Praca nad wzajemnym zaufaniem
- W czasach wojny zaufanie jest podstawą do właściwej percepcji zagrożeń, zaufanie jest też jedyną bramą, która prowadzi do właściwej reakcji w obliczu zagrożenia i właściwego oparcia w sojuszniku. Stąd też praca nad zaufaniem wzajemnym strony polskiej i niemieckiej jest jednym z kluczowych aspektów, zwłaszcza gdy zaufanie ma być oparte o relacje partnerskie - podkreślił szef BBN i dodał, że "takie właśnie relacje były przedmiotem tych rozmów".
Budowanie takich relacji to "proces, nad którym zawsze musimy pracować, w niektórych aspektach ten wysiłek musi być większy, ale widzimy też zmianę pozycji niemieckich, widzimy pewną zmianę stanowisk". - W ten weekend na Ukrainę dotarło (z Niemiec) 18 czołgów Leopard, 40 bojowych wozów piechoty Marder - wskazał.

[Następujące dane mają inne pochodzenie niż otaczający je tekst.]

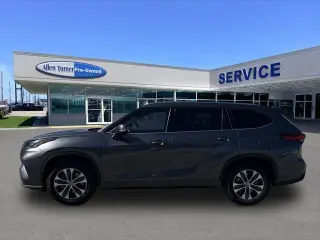 Toyota Highlander 2021 XLE 4p SUV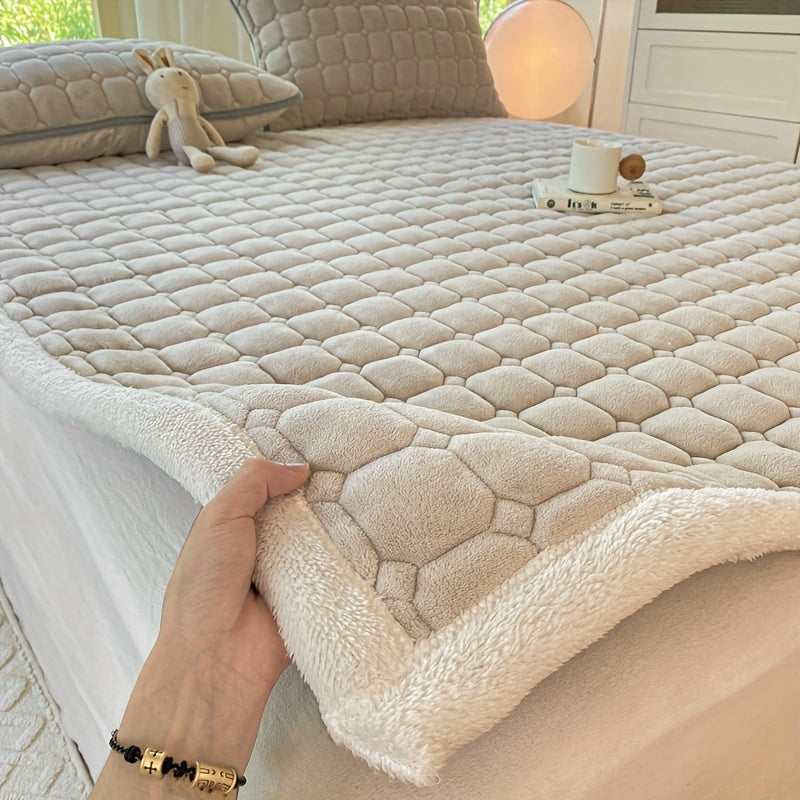 1 dona sutli velur matras, 4 burchakda elastik tasmalari bilan, yumshoq va mashinada yuvish mumkin. Yotoqxona, divan yoki mehmon xona uchun mos.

- Gdybyśmy tę rozmowę prowadzili rok temu takie działanie byłoby nie do pomyślenia, nie tylko dla nas, ale również dla Urzędu Kanclerskiego czy dla części moich dzisiejszych interlokutorów. Jest to kluczowy dowód, że zmiana polityki niemieckiej ma miejsce - podkreślił szef BBN. Przypomniał jednocześnie, że w samym społeczeństwie niemieckim "nawet poglądy prorosyjskie nie są rzadkością".
Polacy w niemieckiej debacie
Zdaniem Jacka Siewiery obecność polskich polityków, analityków i publicystów w trwającej po stronie niemieckiej debacie "nigdy nie była bardziej potrzebna niż teraz". - Odnoszę wrażenie, że właśnie teraz istnieje pewna wrażliwość na sposób postrzegania bezpieczeństwa, sposób postrzegania rosyjskiego imperializmu takim, jaki on jest w rzeczywistości, jakim się objawił w ciągu ostatniego roku, ale również jakim on się objawia, że będzie w najbliższych latach - zauważył.
Każdy z jego rozmówców, "mimo że z różnym poziomem determinacji podnosił, że Rosja wstąpiła na ścieżkę konfrontacyjną z Zachodem". - Ta ścieżka przejawia się nie tylko w bieżącej polityce, ale w zmianie sposobu nauczania dzieci w szkołach, zmianie w sposobie finansowania przemysłu, w zmianie zapotrzebowania, jakie strona Federacji Rosyjskiej składa w swoich zakładach przemysłowych - zwrócił uwagę Jacek Siewiera.
- Całokształt tych działań sugeruje, że Federacja Rosyjska na ścieżce do konfrontacji pozostanie przez wiele, wiele lat. Te ryzyka są tu dostrzegane. A przynajmniej wrażliwość na głos Europy Centralnej, głos Polski jest większa niż jeszcze rok temu - podsumował.